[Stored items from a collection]
····················

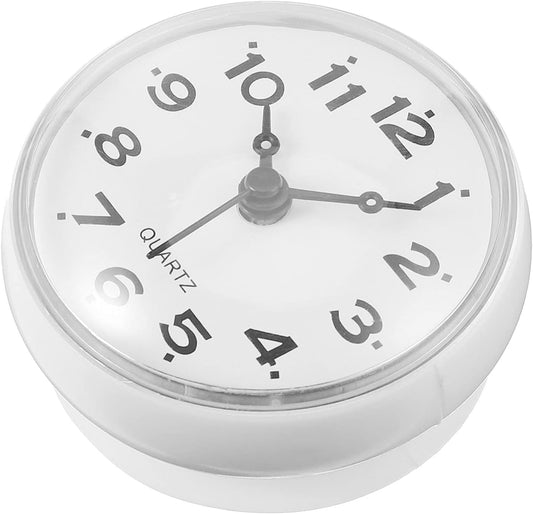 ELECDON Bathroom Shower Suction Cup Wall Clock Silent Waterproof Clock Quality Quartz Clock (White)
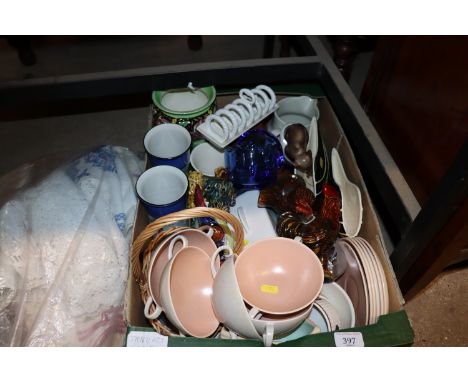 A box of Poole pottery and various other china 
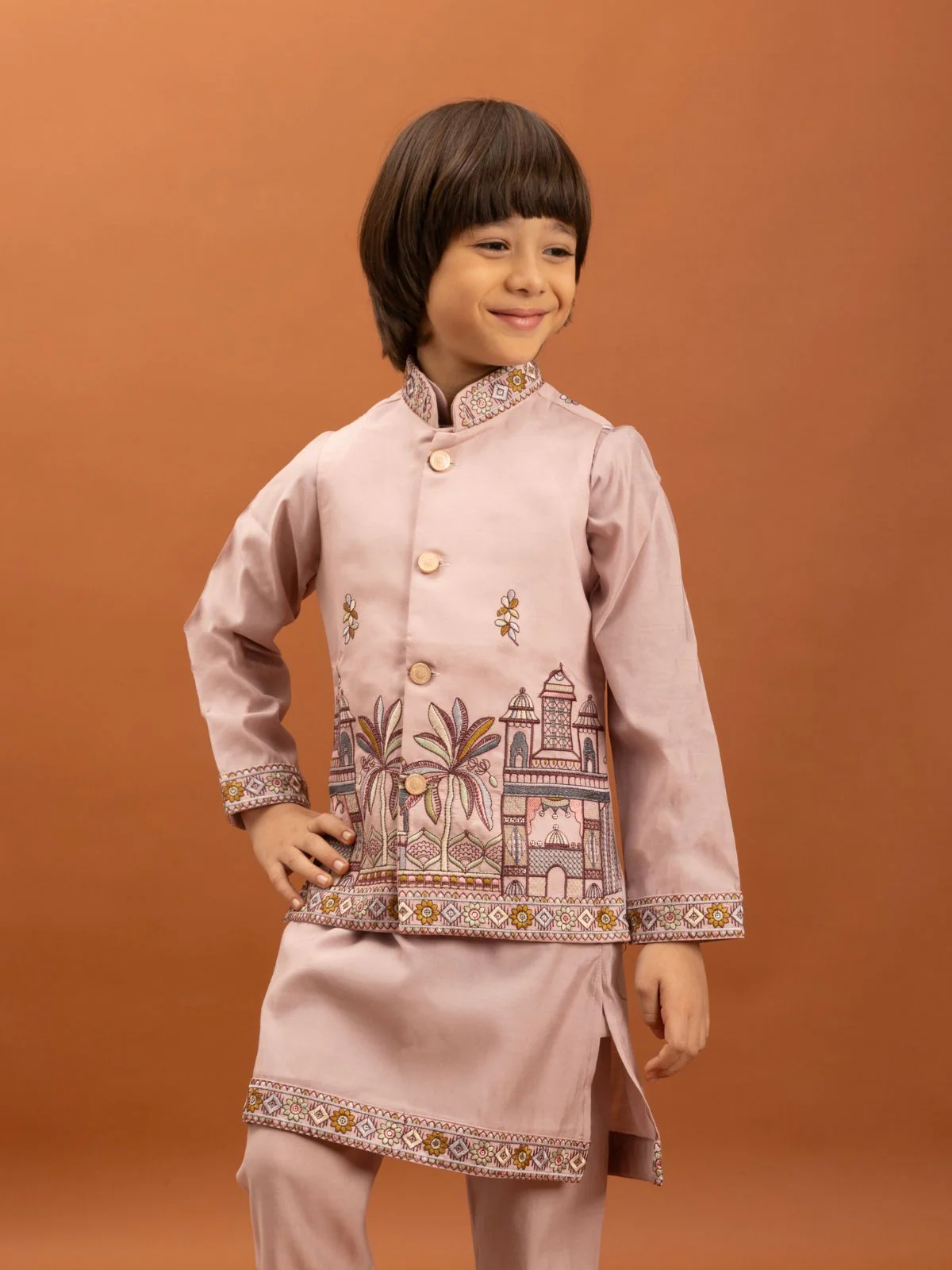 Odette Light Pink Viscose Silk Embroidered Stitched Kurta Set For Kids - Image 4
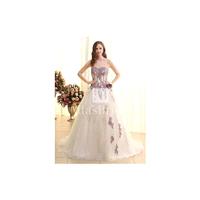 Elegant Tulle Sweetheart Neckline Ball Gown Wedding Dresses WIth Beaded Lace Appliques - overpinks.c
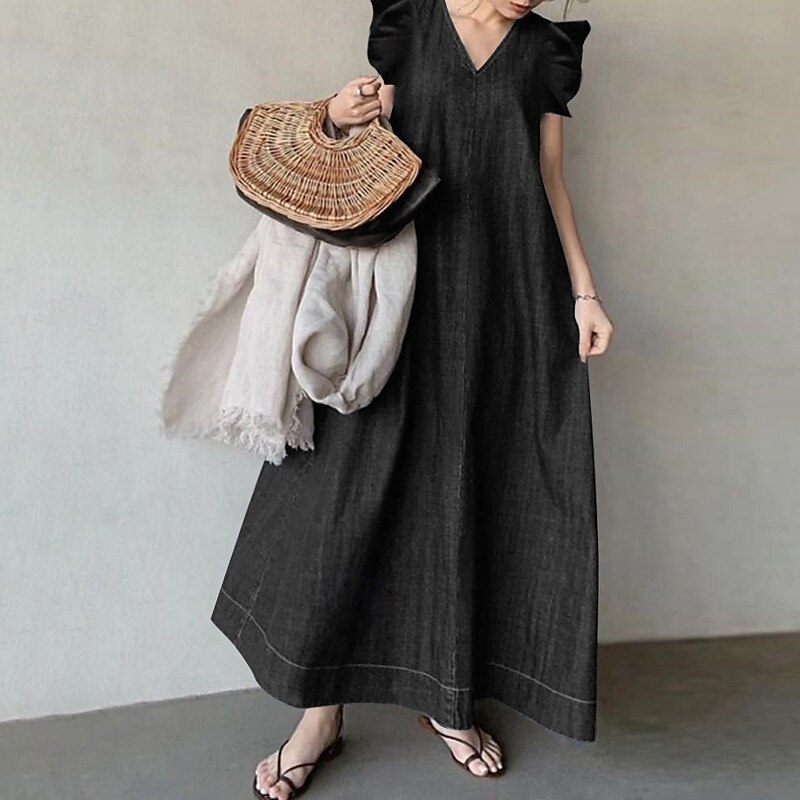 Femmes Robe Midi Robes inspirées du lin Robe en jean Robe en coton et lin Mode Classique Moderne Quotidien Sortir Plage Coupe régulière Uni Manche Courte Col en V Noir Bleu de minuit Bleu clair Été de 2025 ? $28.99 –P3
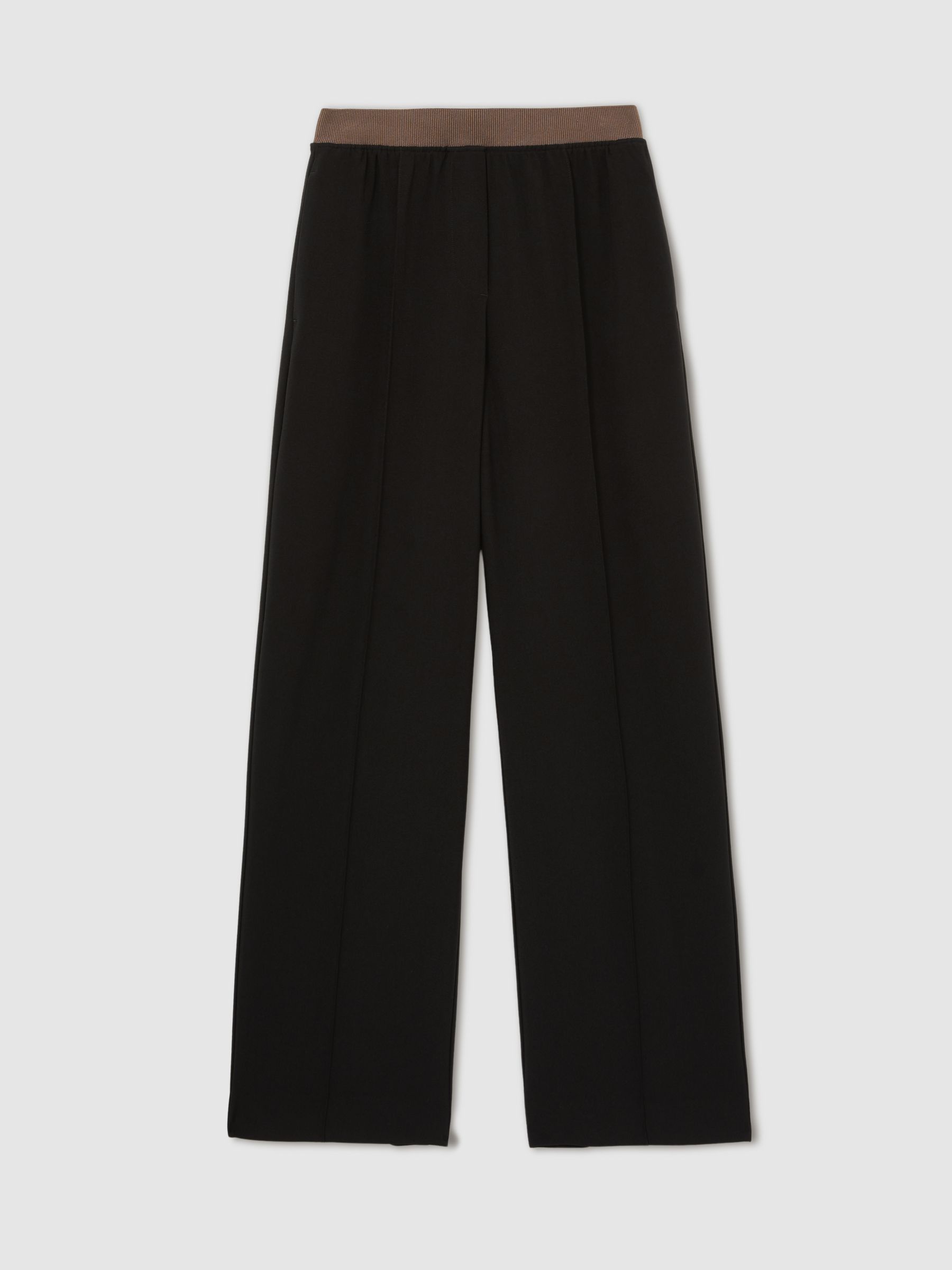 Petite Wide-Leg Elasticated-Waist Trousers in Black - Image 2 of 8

····················

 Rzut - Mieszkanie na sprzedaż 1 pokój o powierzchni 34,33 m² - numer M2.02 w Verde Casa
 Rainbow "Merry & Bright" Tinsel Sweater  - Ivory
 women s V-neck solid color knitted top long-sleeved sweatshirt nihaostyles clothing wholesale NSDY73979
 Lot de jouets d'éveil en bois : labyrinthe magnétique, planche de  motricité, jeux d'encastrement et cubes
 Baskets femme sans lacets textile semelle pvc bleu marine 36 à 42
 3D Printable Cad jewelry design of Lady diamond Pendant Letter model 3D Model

····················

[EXERCISE GOAL]
Using the data above, set down each line from the line with "Femmes Robe Midi" to the line with "Petite Wide-Leg Elasticated-Waist" exactly, both ends included, and leave the pictures behind. Nothing else belongs.

[ANSWER BOX]
 Femmes Robe Midi Robes inspirées du lin Robe en jean Robe en coton et lin Mode Classique Moderne Quotidien Sortir Plage Coupe régulière Uni Manche Courte Col en V Noir Bleu de minuit Bleu clair Été de 2025 ? $28.99 –P3
 Petite Wide-Leg Elasticated-Waist Trousers in Black - Image 2 of 8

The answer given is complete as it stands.